* Entries supplied:
========================
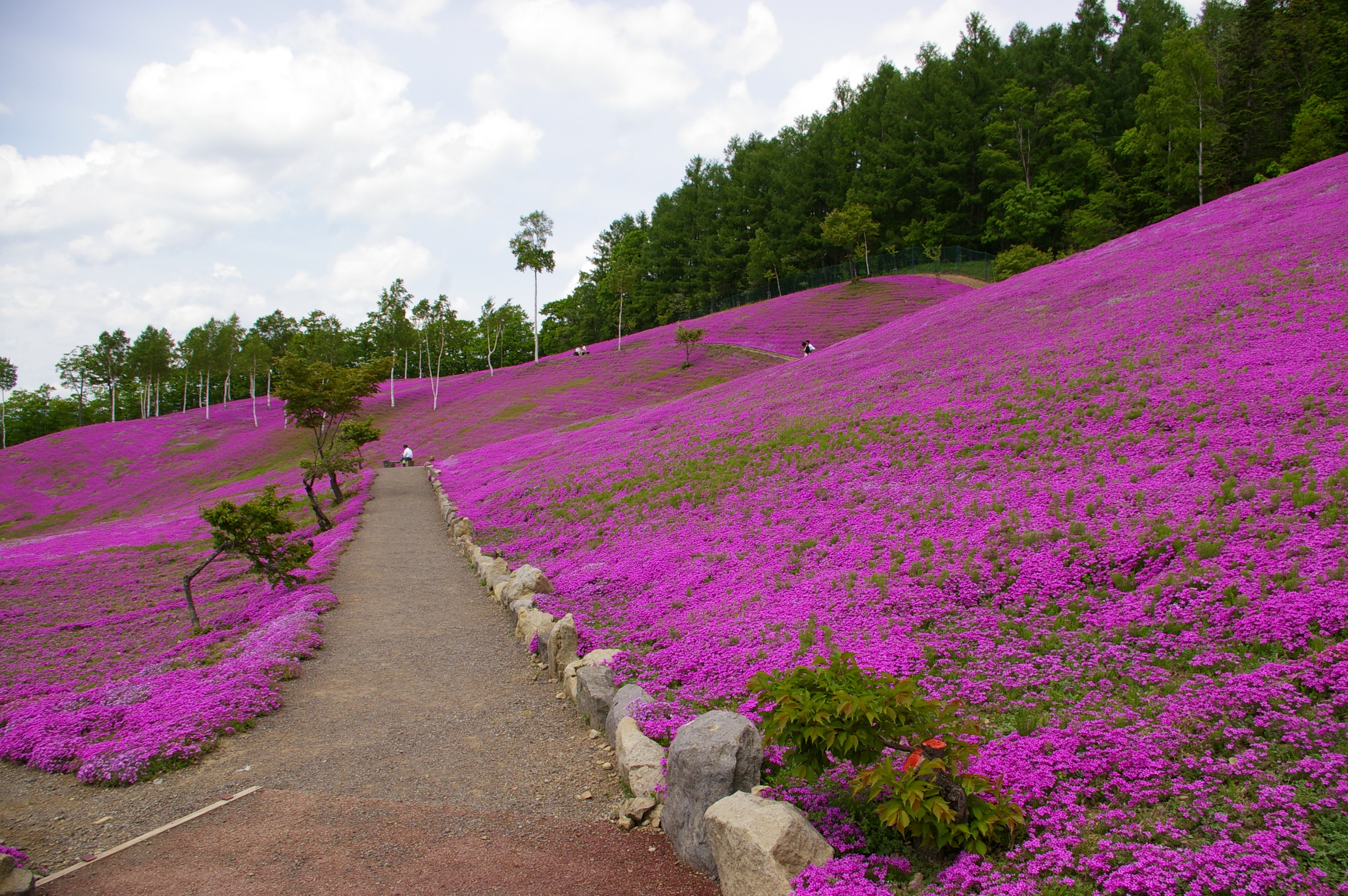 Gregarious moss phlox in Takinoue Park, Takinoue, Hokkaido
========================
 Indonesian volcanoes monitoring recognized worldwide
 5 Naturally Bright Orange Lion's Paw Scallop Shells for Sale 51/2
========================
Reproduce word for word the material above, starting with the line that has "Indonesian volcanoes monitoring" and stopping after the line that has "5 Naturally Bright".

 Indonesian volcanoes monitoring recognized worldwide
 5 Naturally Bright Orange Lion's Paw Scallop Shells for Sale 51/2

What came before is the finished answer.